▸ Requirement
Copy, please, the line with "Osprey Ultralight Drysack" and each line that follows it through the end of the data below, exactly as given and without pictures.
──────────
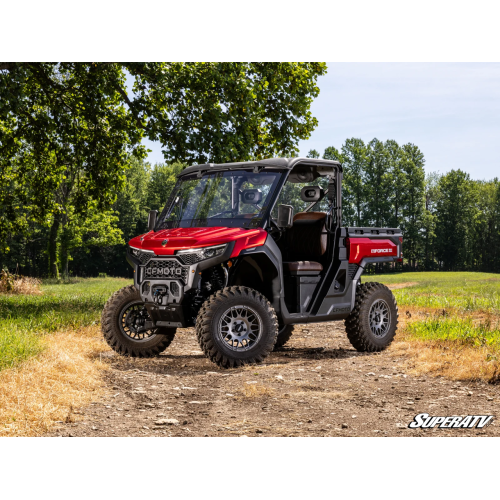 CFMOTO UForce U10 Pro Maxdrive Power Flip Windshield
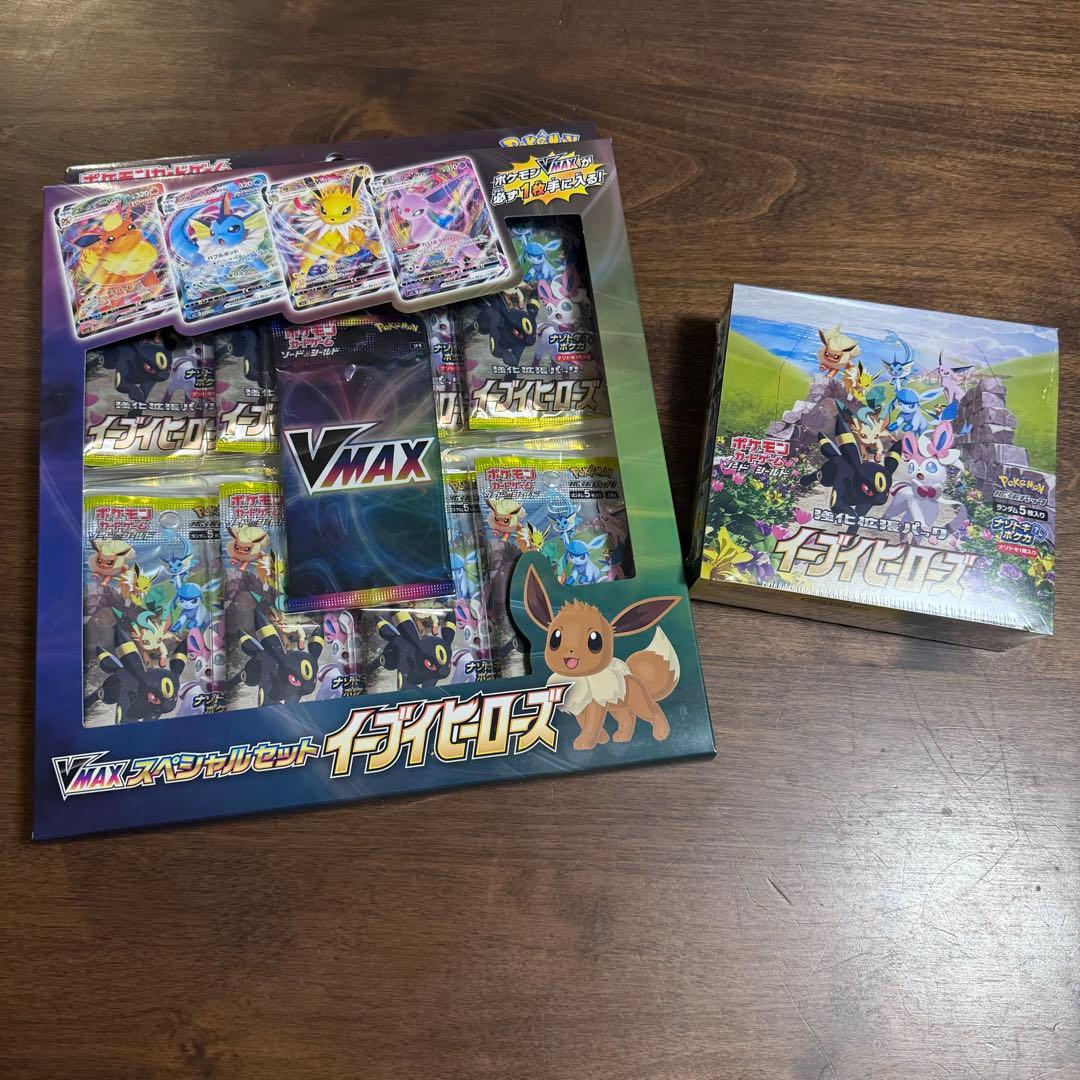 【新品未開封】ポケモンカード イーブイヒーローズ
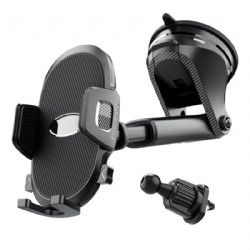 3 in 1 Universal Car Air Vent Phone Holder Cradle Car Air Vent Mount Phone Holder for Mobile Phone
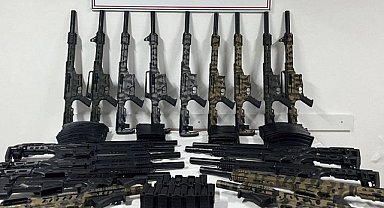 Ruhsatsız Silahlar Ele Geçirildi: Darıca'da Büyük Operasyon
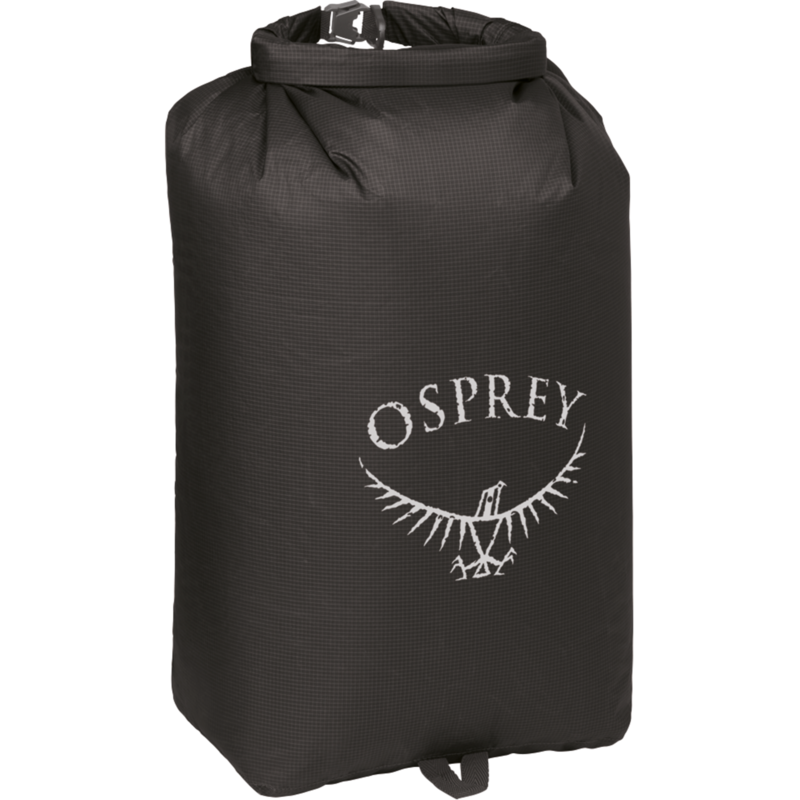 Osprey Ultralight Drysack 20 Packsack, schwarz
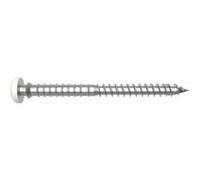 Vis pose réglable SPTR V6 14 blanc 6X70 boîte de 100 - SFS INTEC - 1550281 Noir G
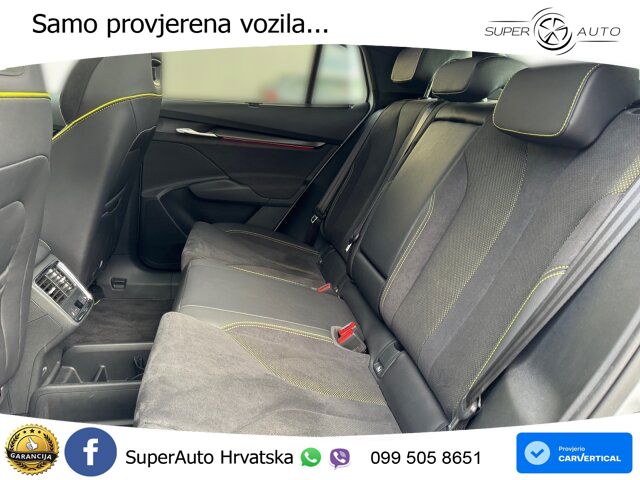 Škoda Enyaq Coupe iV RS 82 kWh (299 KS) AWD LED+GR SJED+ACC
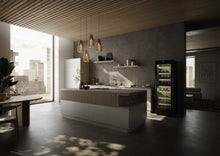 Load image into Gallery viewer, Liebherr BLACK STEEL DUAL ZONE WINE 155 BORDEAUX BOTTLES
──────────
▸ Response below
 Osprey Ultralight Drysack 20 Packsack, schwarz
 Vis pose réglable SPTR V6 14 blanc 6X70 boîte de 100 - SFS INTEC - 1550281 Noir G
 Škoda Enyaq Coupe iV RS 82 kWh (299 KS) AWD LED+GR SJED+ACC
 Load image into Gallery viewer, Liebherr BLACK STEEL DUAL ZONE WINE 155 BORDEAUX BOTTLES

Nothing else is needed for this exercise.